→ **ACTIVITY**
Please, without any pictures, set down exactly the part of the listing below that opens with the line containing "view of front" and closes with the line containing "2221 Gold Mine".

→ **DATA LISTING**
★ ★ ★

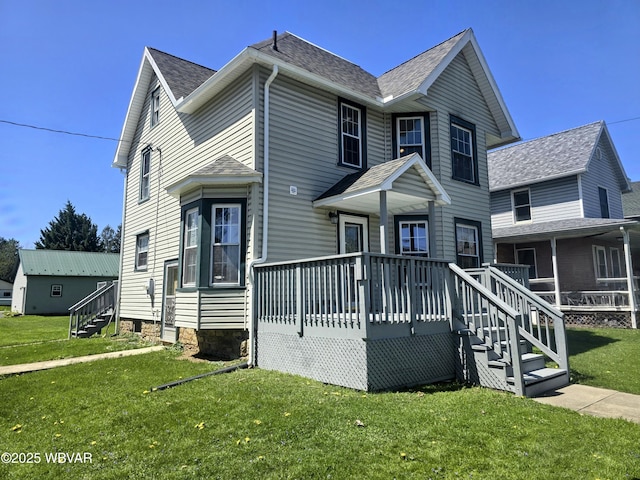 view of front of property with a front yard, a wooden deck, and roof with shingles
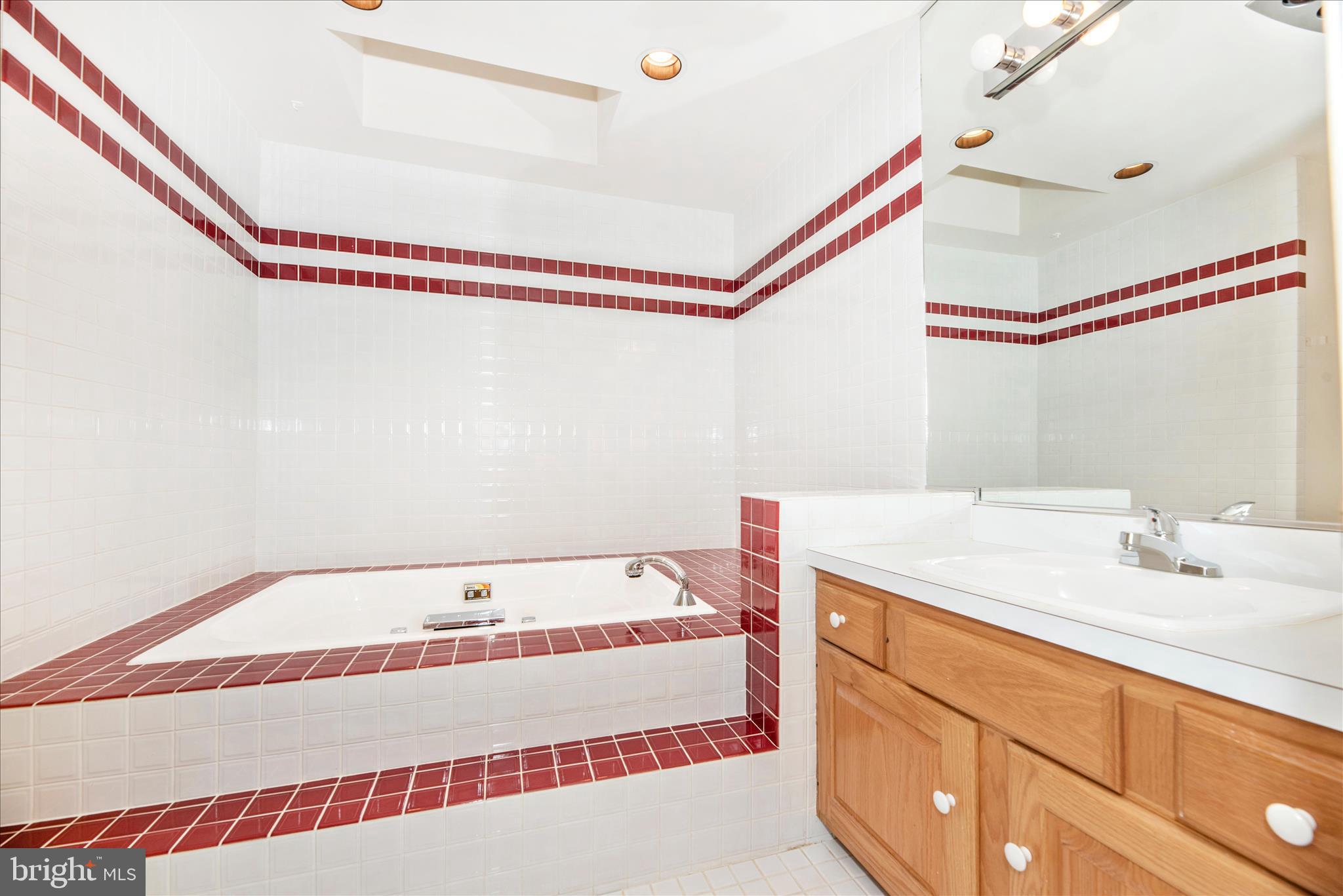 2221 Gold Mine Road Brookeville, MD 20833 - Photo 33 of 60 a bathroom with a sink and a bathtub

★ ★ ★

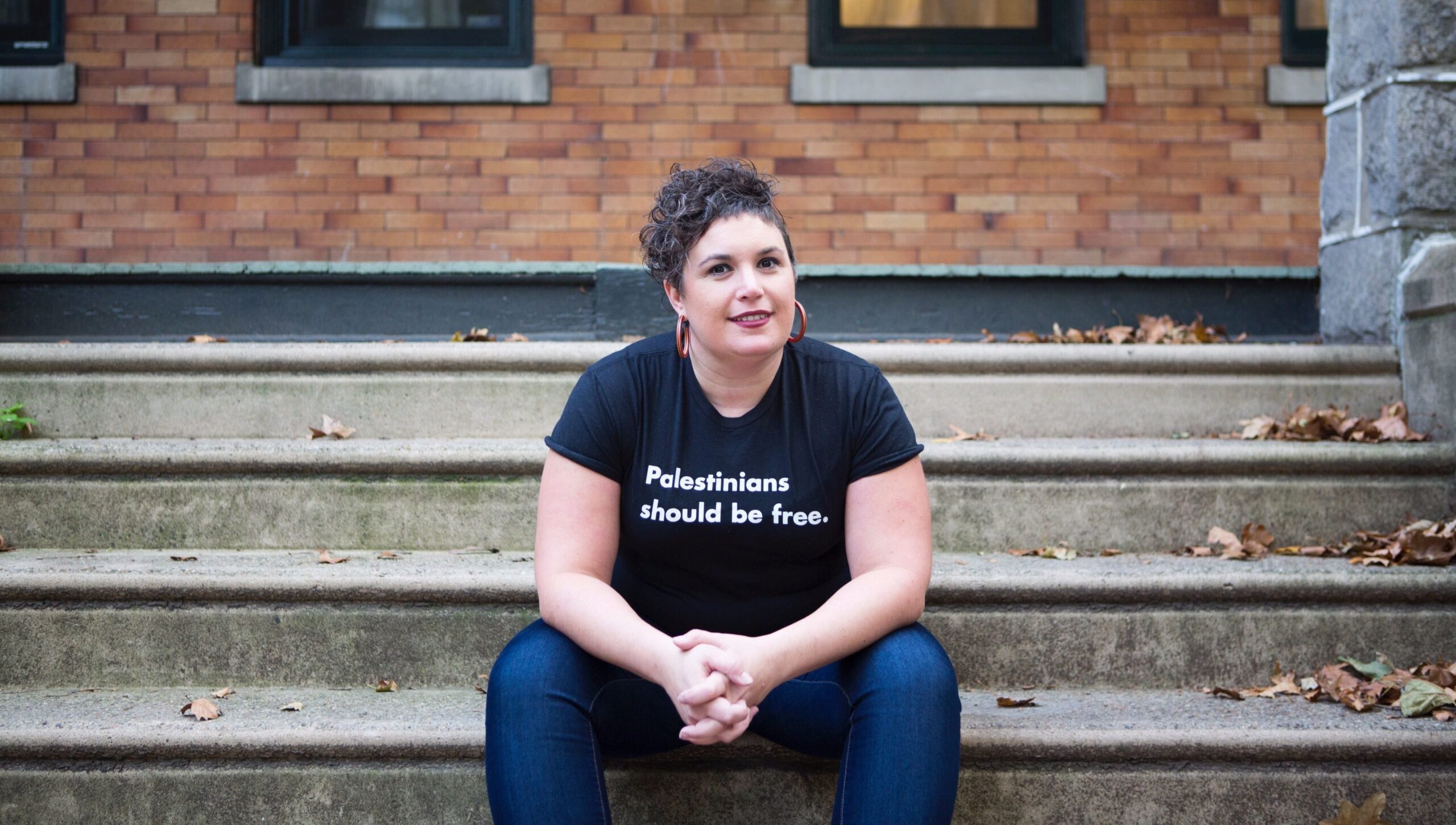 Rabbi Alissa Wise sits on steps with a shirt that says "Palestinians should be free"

★ ★ ★

→ **RESPONSE BELOW**
 view of front of property with a front yard, a wooden deck, and roof with shingles
 2221 Gold Mine Road Brookeville, MD 20833 - Photo 33 of 60 a bathroom with a sink and a bathtub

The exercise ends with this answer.